Substitute Member of the Parliamentary Assembly of the Council of Europe
- Incumbent
- Assumed office 15 April 2024

Personal details
- Born: 1982 (age 43–44) Subotica, SAP Vojvodina, SR Serbia, SFR Yugoslavia
- Party: VMSZ

= Borisz Bájity =

Serbian politician (born 1982)

Borisz Bájity (Борис Бајић; born 1982) is a Serbian politician from the country's Hungarian community. He is a delegate in Serbia's Hungarian National Council and has served in the National Assembly of Serbia since February 2024. Bájity is a member of the Alliance of Vojvodina Hungarians (VMSZ).

==Early life and career==
Bájity was born in Subotica in what was then the Socialist Autonomous Province of Vojvodina in the Socialist Republic of Serbia, Socialist Federal Republic of Yugoslavia. He holds a master's degree from the University of Novi Sad Faculty of Law. After completing an internship, he began working for the provincial government's secretariat for education, regulations, governance, and national minority communities. He was appointed as first deputy secretary-general of the Assembly of Vojvodina in October 2017.

==Politician==
Bájity appeared in the eighty-ninth position on the VMSZ's electoral list in the 2016 Serbian parliamentary election and the fiftieth position in the 2020 parliamentary election. Election from either of these positions was not a realistic prospect, and he was not elected when the party won four and nine seats, respectively.

He later appeared in the thirtieth position out of thirty-five on the Hungarian Unity list for Serbia's Hungarian National Council in the 2022 election. The outcome of the election was not in doubt; no other lists participated, and Hungarian Unity won every seat. He is now a member of the council's committee on official language and use of writing.

===Parliamentarian===
Bájity appeared in the third position on the VMSZ's list in the 2023 Serbian parliamentary election and was elected to the national assembly when the list won six seats. He is a deputy member of the committee on the rights of the child, the committee on human and minority rights and gender equality, and the committee on the judiciary, public administration, and local self government. In the assembly, the VMSZ supports Serbia's government led by the Serbian Progressive Party (SNS).

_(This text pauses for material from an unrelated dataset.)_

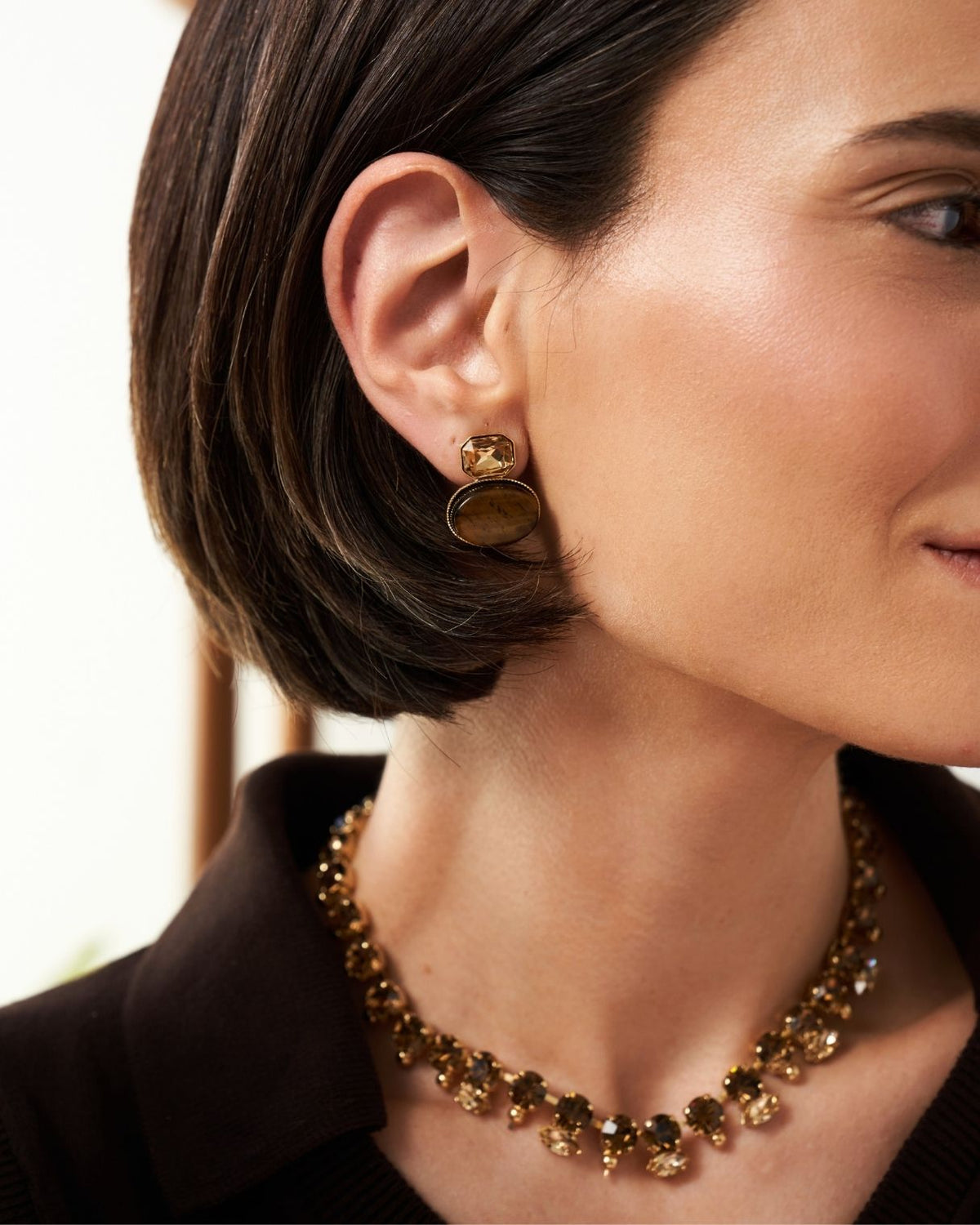 A close-up of a woman wearing a gold-toned statement necklace and matching drop earrings with dark brown and amber stone details.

Bájity was elected as a vice-president of the VMSZ in March 2024. He also became a substitute member of Serbia's delegation to the Parliamentary Assembly of the Council of Europe (PACE) on 15 April 2024. He serves with the European People's Party (EPP) group and is an alternate member of the committee on equality and non-discrimination.

Bájity has received the symbolic next-to-last position (twenty-ninth out of thirty) on the VMSZ's electoral list for the Novi Sad city assembly in the 2024 Serbian local elections.